El trabajo diario como misionero es verdaderamente extenuante, no hay momento para el descanso. Inicia su jornada una hora antes de salir el sol, celebra la misa, imparte catequesis y visita a los enfermos; luego, hace un recorrido por los talleres artesanales donde, junto con su compañero de misión, enseña y supervisa carpintería, lutería, herrería, alfarería, pintura, música y otras técnicas y artes. El trabajo agrícola de la reducción también es guiado y supervisado con rigurosidad y el día no termina sin haber administrado a los nativos los sacramentos del bautismo, confesión, extremaunción, matrimonio y otras prácticas de piedad sacerdotal.
Esta vida de disciplina y comportamiento rígidos es controlada, de tanto en tanto, por su inmediato superior y ha logrado, en pocos años, que la dependencia y obediencia de los indígenas hacia los curas sea absoluta. Es tal la convicción y liderazgo que tienen estos imponentes clérigos que solo un par de ellos puede, sin grandes inconvenientes, manejar y hacer prosperar reducciones con poblaciones de hasta de tres mil almas. Ellos se han formado en los seminarios de la Compañía y han complementado sus estudios en universidades europeas, primero, y americanas, después. Por sus estudios y la disciplina adquirida, se han convertido en teólogos y filósofos con una fuerte formación humanística y espiritual, y han adquirido un gran talento organizativo que los hace aptos para atender todas y cada una de las vicisitudes de la vida de las reducciones y, sobre todo, llevar adelante su misión evangelizadora y la predicación de la doctrina y las virtudes cristianas en estas selvas remotas.

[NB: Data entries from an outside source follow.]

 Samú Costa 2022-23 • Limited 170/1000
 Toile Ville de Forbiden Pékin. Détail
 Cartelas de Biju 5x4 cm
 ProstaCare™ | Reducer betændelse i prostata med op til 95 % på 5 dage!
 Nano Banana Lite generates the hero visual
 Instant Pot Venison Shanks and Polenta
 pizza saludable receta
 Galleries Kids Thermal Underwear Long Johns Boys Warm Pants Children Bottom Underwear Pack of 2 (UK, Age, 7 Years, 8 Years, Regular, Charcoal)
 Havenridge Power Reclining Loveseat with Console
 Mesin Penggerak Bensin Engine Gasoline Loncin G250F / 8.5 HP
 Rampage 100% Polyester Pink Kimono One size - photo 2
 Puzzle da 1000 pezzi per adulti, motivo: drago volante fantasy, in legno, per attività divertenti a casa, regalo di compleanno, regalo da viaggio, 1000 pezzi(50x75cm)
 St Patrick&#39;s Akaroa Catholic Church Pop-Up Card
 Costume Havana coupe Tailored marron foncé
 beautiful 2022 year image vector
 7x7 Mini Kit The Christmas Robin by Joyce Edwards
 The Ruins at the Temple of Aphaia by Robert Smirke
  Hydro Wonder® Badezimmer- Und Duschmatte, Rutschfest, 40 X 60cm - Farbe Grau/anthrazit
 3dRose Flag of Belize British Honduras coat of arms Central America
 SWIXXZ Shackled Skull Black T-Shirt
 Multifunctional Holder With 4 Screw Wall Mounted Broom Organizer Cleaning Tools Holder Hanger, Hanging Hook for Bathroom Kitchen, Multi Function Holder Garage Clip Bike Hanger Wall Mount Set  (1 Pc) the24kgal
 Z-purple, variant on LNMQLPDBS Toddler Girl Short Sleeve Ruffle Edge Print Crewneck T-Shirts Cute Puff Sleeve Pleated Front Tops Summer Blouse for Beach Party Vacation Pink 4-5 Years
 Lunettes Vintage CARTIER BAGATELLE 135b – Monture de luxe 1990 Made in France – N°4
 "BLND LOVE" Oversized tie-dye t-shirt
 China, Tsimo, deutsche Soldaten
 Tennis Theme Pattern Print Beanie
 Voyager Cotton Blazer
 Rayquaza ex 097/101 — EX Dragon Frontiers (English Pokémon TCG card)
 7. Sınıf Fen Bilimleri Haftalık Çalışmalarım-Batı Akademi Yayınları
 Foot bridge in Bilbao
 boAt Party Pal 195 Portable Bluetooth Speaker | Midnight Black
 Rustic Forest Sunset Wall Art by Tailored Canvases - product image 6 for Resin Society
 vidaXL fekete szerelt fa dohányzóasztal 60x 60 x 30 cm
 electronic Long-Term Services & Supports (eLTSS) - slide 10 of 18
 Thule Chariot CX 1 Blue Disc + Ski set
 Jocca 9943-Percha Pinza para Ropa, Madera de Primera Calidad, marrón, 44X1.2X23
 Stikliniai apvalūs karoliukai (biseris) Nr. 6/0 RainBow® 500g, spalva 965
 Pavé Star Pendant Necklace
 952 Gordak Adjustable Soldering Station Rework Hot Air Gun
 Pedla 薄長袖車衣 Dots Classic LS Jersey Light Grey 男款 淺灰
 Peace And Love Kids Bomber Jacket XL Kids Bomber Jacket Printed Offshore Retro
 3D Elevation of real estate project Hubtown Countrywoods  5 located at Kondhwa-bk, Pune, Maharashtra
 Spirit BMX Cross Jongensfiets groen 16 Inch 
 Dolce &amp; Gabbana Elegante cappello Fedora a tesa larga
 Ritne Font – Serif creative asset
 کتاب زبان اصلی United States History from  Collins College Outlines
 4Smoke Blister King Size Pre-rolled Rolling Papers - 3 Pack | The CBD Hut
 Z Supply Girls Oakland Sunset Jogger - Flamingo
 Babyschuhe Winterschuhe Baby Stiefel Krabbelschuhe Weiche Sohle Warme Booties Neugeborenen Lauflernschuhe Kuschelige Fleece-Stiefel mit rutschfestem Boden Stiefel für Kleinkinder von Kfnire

Pese a todos los esfuerzos que deben realizar, es imposible tener una vida mejor. Aunque el calor en estas tierras es sofocante, las maravillosas selvas plagadas de cauces de aguas frescas, la buena comida y bebida en abundancia y, sobre todo, el haberse granjeado el cariño de los aborígenes, con quienes tienen una relación que se puede señalar con absoluta soltura como de paternalista, hacen que la sensación de bienestar, el sentirse útiles a la divina providencia y al papa, al que le deben total obediencia, los tenga completamente satisfechos. No hay duda de que estos curas tienen una vida feliz y hasta alborozada, se puede decir; viven en plenitud, cantan, bailan y tocan todo tipo de instrumentos musicales, y todo esto lo enseñan, con gran entusiasmo, a los hijos de los indígenas. Desde sus fundaciones, las misiones han prosperado notablemente en sus finanzas, la orden está acumulando una importante cantidad de oro en polvo y en pepitas que, en muchos casos, transforman en bellísimos ornamentos, sobre todo para los ritos religiosos. El futuro para los jesuitas no puede ser más prometedor, el mineral lo recolectan de ricos arroyos y, con la técnica del bateo, separan el mineral de la arena.